(Recorded data)
┄┄┄┄┄┄┄┄┄┄┄┄┄┄┄┄┄┄┄┄
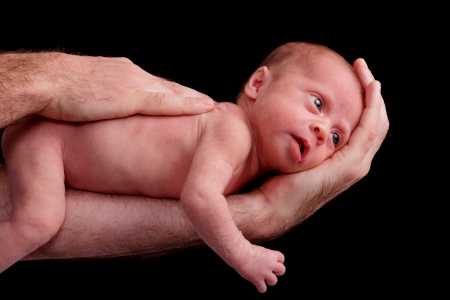 small premature baby girl being held for an isolated portraitの写真素材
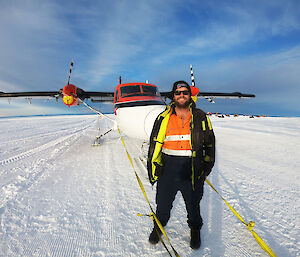 Man posing on the ice in front of red and white twin engine aircraft
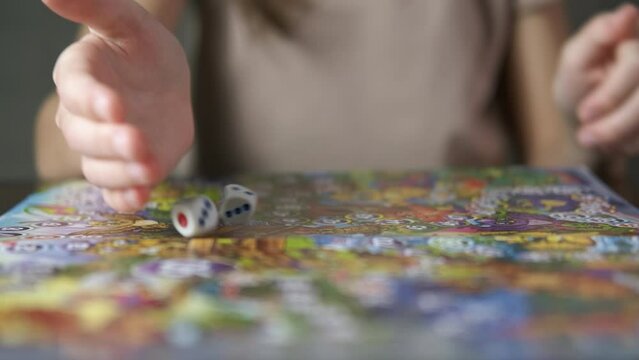 Board game for children. A child move dice on the table with board game.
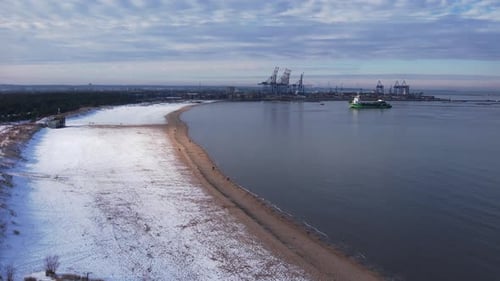 Luftaufnahme der Kräne der Hafenkanal-Werft im Hafengebiet: Schneebedeckter Strand, Meereswellen eingefangen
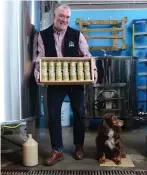  ??  ?? Mark Hazell, owner of Jaw Brew Beer, with his cocker spaniel Libby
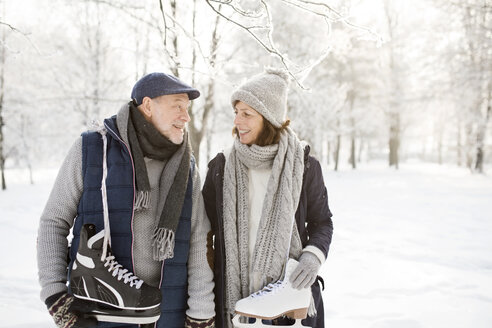 Älteres Paar mit Schlittschuhen in Winterlandschaft - HAPF02126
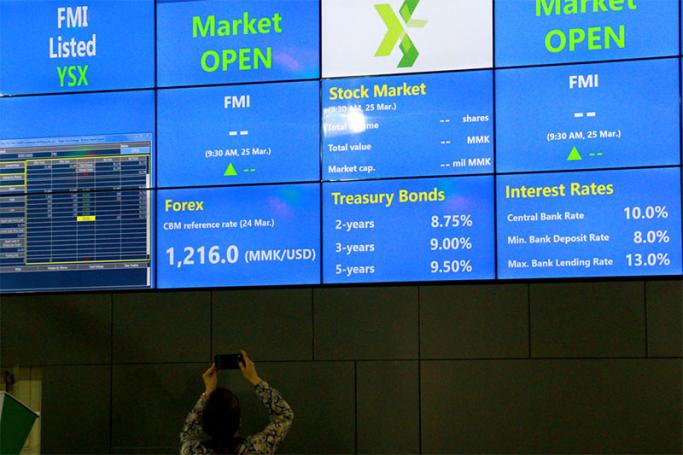 A woman takes a photograph of an electronic board showing the FMI (First Myanmar Investment) index at Yangon Stock Exchange, Yangon on 25 March 2016. Photo: Mizzima
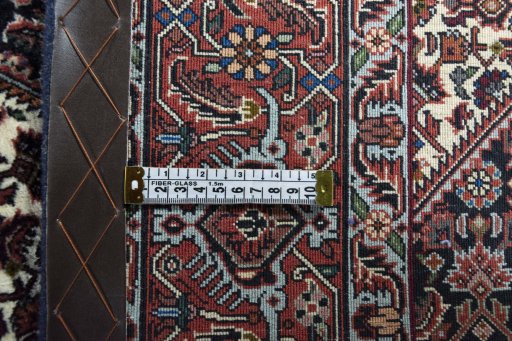 Backside of handmade New Bijar rug showing knot structure and weave density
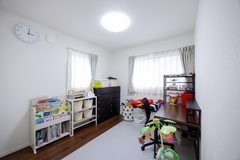 明るく開放的な子ども部屋。おもちゃや本が整然と並び、遊びや学びの空間として活用できる。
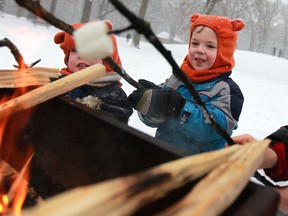 Jacob Juhasz, 3, left, and his brother, Zachery Juhasz, 4, roast marshmallows while tobogganing at Optimist Memorial Park in Windsor, Ont., Sunday, Jan. 5, 2014.  (DAX MELMER/The Windsor Star)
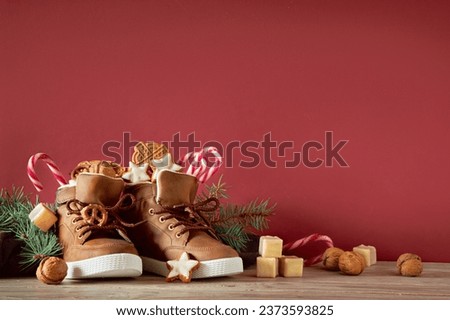 Saint Nicholas Day or Nikolaus, german holiday, December 6. Children shoes with traditional sweets.
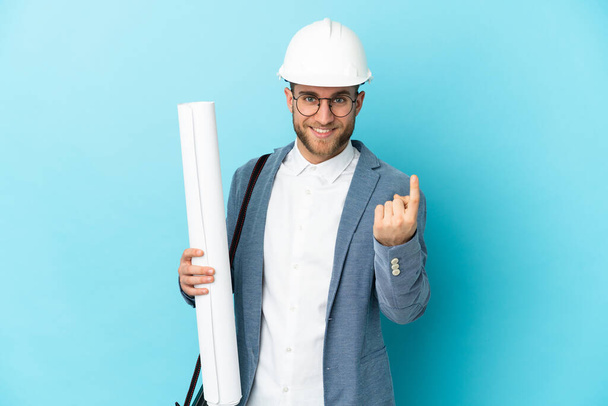 Mladý architekt muž s helmou a drží plány na izolovaném pozadí dělá nadcházející gesto - Fotografie, Obrázek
┄┄┄┄┄┄┄┄┄┄┄┄┄┄┄┄┄┄┄┄
- _Instructions to follow_: Would you copy, word for word, only the lines above from the one containing "Board game for" through the one containing "cocker spaniel Libby", both included, and please leave out the pictures?

- _Solution to this task_:
 Board game for children. A child move dice on the table with board game.
 Luftaufnahme der Kräne der Hafenkanal-Werft im Hafengebiet: Schneebedeckter Strand, Meereswellen eingefangen
  ??  ?? Mark Hazell, owner of Jaw Brew Beer, with his cocker spaniel Libby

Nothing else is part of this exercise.